La loi ELAN de novembre 2018 et le décret tertiaire du 23 juillet 2019 obligent une partie des propriétaires de bâtiments tertiaires à réduire leurs consommations d’énergie. C’est le dispositif éco-énergie tertiaire. Le gouvernement a récemment apporté par voie de décret des précisions à cette obligation, en fixant pour certains bâtiments des seuils maximaux de consommation en énergie finale. Que contient donc le dispositif éco-énergie tertiaire ? En quoi est-il contraignant ?
Présentation du dispositif éco-énergie tertiaire
Le dispositif éco-énergie tertiaire est créé par la loi ELAN en novembre 2018.
Il n’entre vraiment en vigueur qu’en octobre 2019, après la publication du décret tertiaire un peu avant, au mois de juillet.

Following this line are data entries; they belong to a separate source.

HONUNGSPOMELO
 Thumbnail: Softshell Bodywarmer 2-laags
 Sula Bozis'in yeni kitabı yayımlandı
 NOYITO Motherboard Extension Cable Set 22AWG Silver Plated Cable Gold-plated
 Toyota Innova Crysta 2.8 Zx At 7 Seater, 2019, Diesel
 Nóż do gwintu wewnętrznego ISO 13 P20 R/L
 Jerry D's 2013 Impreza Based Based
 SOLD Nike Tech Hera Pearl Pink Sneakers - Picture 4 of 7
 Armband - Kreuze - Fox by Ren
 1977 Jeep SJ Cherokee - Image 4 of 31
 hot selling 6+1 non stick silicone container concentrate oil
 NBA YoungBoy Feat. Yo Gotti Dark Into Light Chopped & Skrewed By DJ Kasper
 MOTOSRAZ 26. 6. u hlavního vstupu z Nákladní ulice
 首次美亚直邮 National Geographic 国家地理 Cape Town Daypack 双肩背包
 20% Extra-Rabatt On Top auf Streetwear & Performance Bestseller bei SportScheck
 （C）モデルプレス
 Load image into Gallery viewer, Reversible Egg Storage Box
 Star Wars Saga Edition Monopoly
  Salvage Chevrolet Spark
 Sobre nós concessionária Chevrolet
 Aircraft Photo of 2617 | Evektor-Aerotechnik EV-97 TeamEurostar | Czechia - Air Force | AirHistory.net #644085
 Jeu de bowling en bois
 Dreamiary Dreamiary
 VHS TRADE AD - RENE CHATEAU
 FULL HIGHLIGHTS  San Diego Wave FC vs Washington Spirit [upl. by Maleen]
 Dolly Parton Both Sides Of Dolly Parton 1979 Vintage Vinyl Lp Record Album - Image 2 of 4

Il prévoit une obligation pour les propriétaires et les exploitants de bâtiments tertiaires de plus de 1 000 m2 (soit plus de 83 % du parc tertiaire) :
- d’effectuer le reporting des consommations d’énergie de leur patrimoine ;
- de réduire la consommation d’énergie de leur patrimoine par tout moyen (travaux d’économies d’énergie, écogestes, changements d’habitudes et d’organisation…).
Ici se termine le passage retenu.